Elizabeth Acevedo’s bestselling debut novel The Poet X has already won the National Book Award for Young People’s Literature, the Michael L. Printz Award, and the Pura Belpré Award. Today she took home the UK’s most prestigious award for children’s literature, becoming the first writer of color to do so in the award’s 83-year history.
The Carnegie medal is the UK’s oldest award for achievements in children’s literature. Awarded annually by children’s librarians, one medal is given for writing and the other to literature (the latter prize went to Jackie Morris for The Lost Words). Past winners have included Terry Pratchett, C.S. Lewis, and Neil Gaiman.
The Poet X is a novel told in verse and follows Xiomara Batista, a Harlem teen who feels both “unheard and unable to hide” in her community and finds solace in poetry. “The force and intensity behind [Acevedo’s] words practically pushes them off the page, resulting in a verse novel that is felt as much as it is heard. This is a book from the heart, and for the heart,” writes the New York Times Book Review. In a starred review, Kirkus calls it “poignant and real, beautiful and intense.” (Acevedo’s second novel, With the Fire on High, was released in early May and also earned raves from critics, netting starred reviews from Horn Book, Publishers Weekly, School Library Journal, and Booklist.)
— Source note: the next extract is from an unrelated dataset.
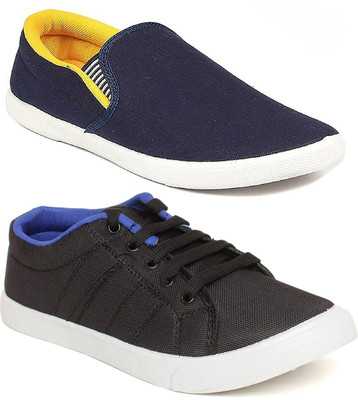 

Long Walk Stylish Pack of 2 Slip-On & Trendy Sneakers For Men(Black, Yellow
Besides The Poet X, the shortlist for the 2019 Carnegie medal featured two other novels written in verse: Kwame Alexander’s Rebound and Jason Reynolds’ Long Way Down. Other shortlisted titles included Sally Nicholls’ Things A Bright Girl Can Do, Sophie Anderson’s The House With Chicken Legs, Candy Gourlay’s Bone Talk, Francis Hardinge’s A Skinful of Shadows, and Kate Saunders’ The Land of Neverendings.